Cover Scanning in the Retina Age

This page is a sequel rather than a replacement for my original guide to comic-book cover scanning. Read it here:

As I’ve mentioned elsewhere on this site I did make the switch from ComicBase back to ComicCollector as far as my collection management software of choice. My main reasoning for the return to the CollectorZ program was the fact that they do offer a fairly amazing iOS app that works GREAT with my iPad. While transferring my scans to the new iPad I noticed that my own high rez scans (at around 1,150 pixels in height) looked pretty nice on the Retina screen even though it was scaled (multiplied to be more accurate) UP to the iPad’s portrait mode height of 2,048 pixels. So I wondered how much better/sharper it would be if the image actually MATCHED that insane 2,048 pixel goodness. So I did some test scans of some covers that were for some reason missing from my image archives. The results were spectacular. So after a little experimentation I have some new settings that give me a cover image that takes full advantage of the Retina iPad screen and hopefully future PC displays as the industry eventually plays catch-up. Here is the new recipe (most everything from the original guide still applies with a couple of key changes):

Retina Ready Scans:

1. Scan at 300 DPI with auto tone and Unsharp Mask OFF. Make sure Descreen is ON.

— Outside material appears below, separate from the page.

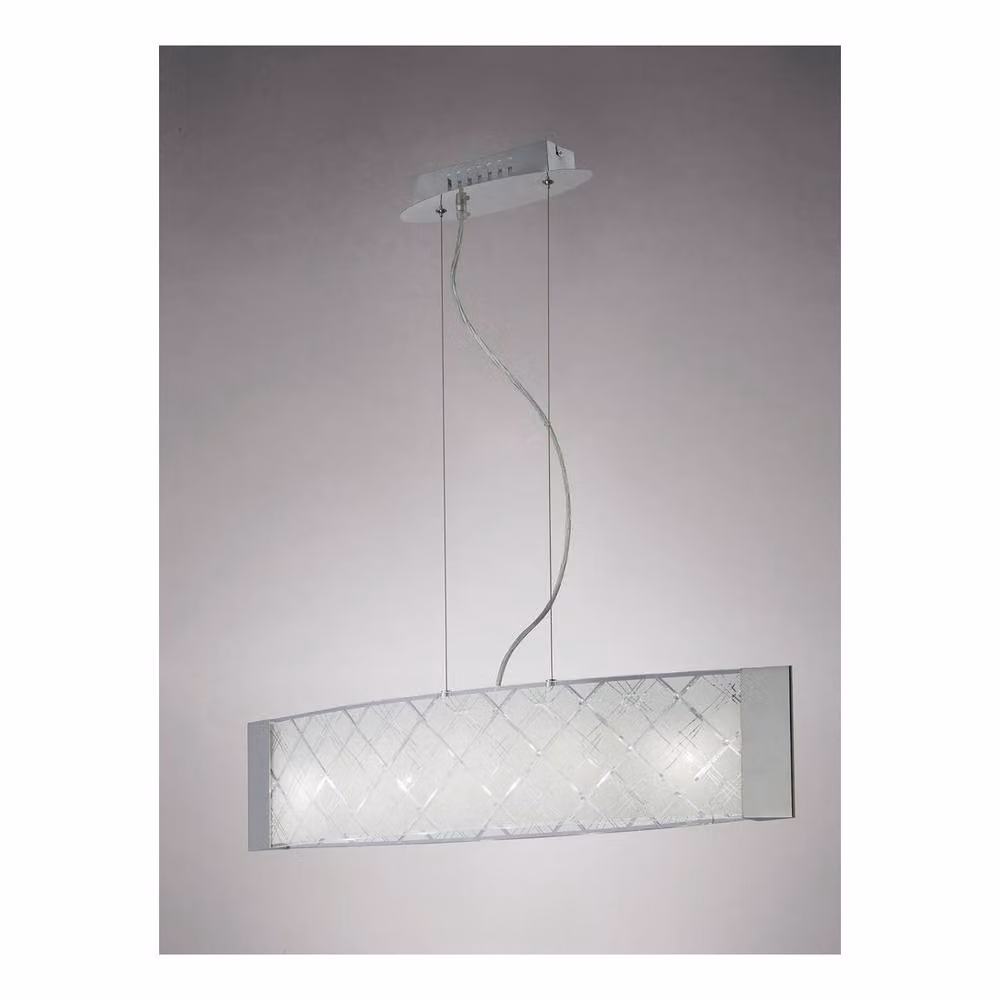 Netlighting Aries 5 Light Suspended Ceiling Pendant in Polished Chrome and Grey Glass – 2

2. Adjustments – auto levels

3. Image Size –change Pixel Dimensions Height to 2048

4. Sharpen –Unsharp Mask -amount: 50%, Radius: 1.0, Threshold: 0

5. Save as Jpeg quality: 10, Baseline Optimized

Resulting file is between 750kb and 1.9MB (depending on color level). Average so far for me after doing 100 covers this way is around 1.1 megs a file. Now this is 2 to 4 times the file size of my previous settings but I feel like it’s worth it. What can I say? I love comic-book art and I love nice looking graphics. So it eats up some disk space? So what? To me -it’s worth it.

A word on DPI:

Notice how I no longer tie my size adjustment to DPI (dots per inch)? That’s because I finally figured out the truth about DPI. The truth is it’s a fairly antiquated old term that has little meaning in the digital age. Put simply DPI has NOTHING WHATSOEVER to do with a digital image’s (displayed on a PC, laptop, tablet, TV or phone screen) quality. It does NOT in anyway influence ANY of the following aspects of the file:

Detail Level
Image Quality
File Size

So what the heck is it and whats it for?

Basically it is nothing more than instruction for a printer (or scanner). If you set the DPI for 300 then the printer will give you 300 DOTS PER INCH on the paper and the print-out will be pretty detailed. If you set it for 10 DPI the printed image will look AWFUL as it will only print 10 DOTS PER INCH on the paper. That’s ALL. The image as displayed on your computer screen will look exactly the SAME for both files. See here for a more detailed explanation (with a nice example too):

Simply put Adobe should be ASHAMED of themselves for having Photoshop default to having DPI (called Document Resolution in PS) linked to file Pixel Dimensions in the Image Change dialog. What a confusing and STUPID default! Just remember if you NEVER plan to print your scans out then you can IGNORE DPI.